The result is an extremely complex mixture. About 7 tons of black liquor at 15% solids is produced per ton of pulp. Once concentrated to 65%-70% solids content, black liquor is usually burned in boilers for heat recovery. To be noted is that the organic matter makes up about 80% of black liquor solids content.
Since the 1930s, pulp mills have used black liquor as an energy source with a recovery boiler, generating steam and recovering the cooking chemicals (sodium hydroxide and sodium sulfide). This decreased the issues with water emissions and helped pulp mills become almost energy self-sufficient by generating around 66% of the needed electricity on site. In recent years, new waste-to-energy methods have been developed that are able to achieve higher overall energy efficiency than the conventional boiler.
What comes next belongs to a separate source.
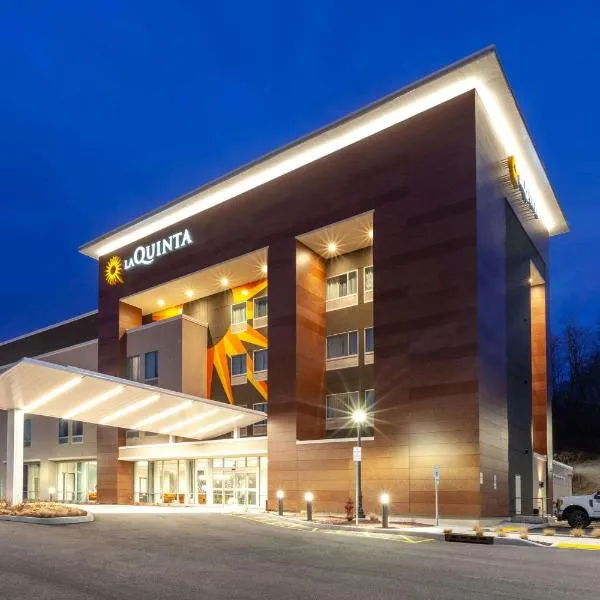 La Quinta Inn & Suites by Wyndham Middletown: Goshen şehrinde bir otel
A topic of increasing attention is the valorisation of Kraft lignin. In EBIO the focus is on using black liquor directly both as solvent and electrolyte for lignin depolymerisation and further conversion. By using this approach, the entire organic fraction in black liquor (lignin and dissolved hemicelluloses) is processed. EBIO focuses on mild conditions to keep the molecular structure of primary products intact by adding an additional electrochemical cycle. After electrochemical conversion the black liquor containing pulping chemicals and not valorised fractions will directly be fed back to the recovery boiler.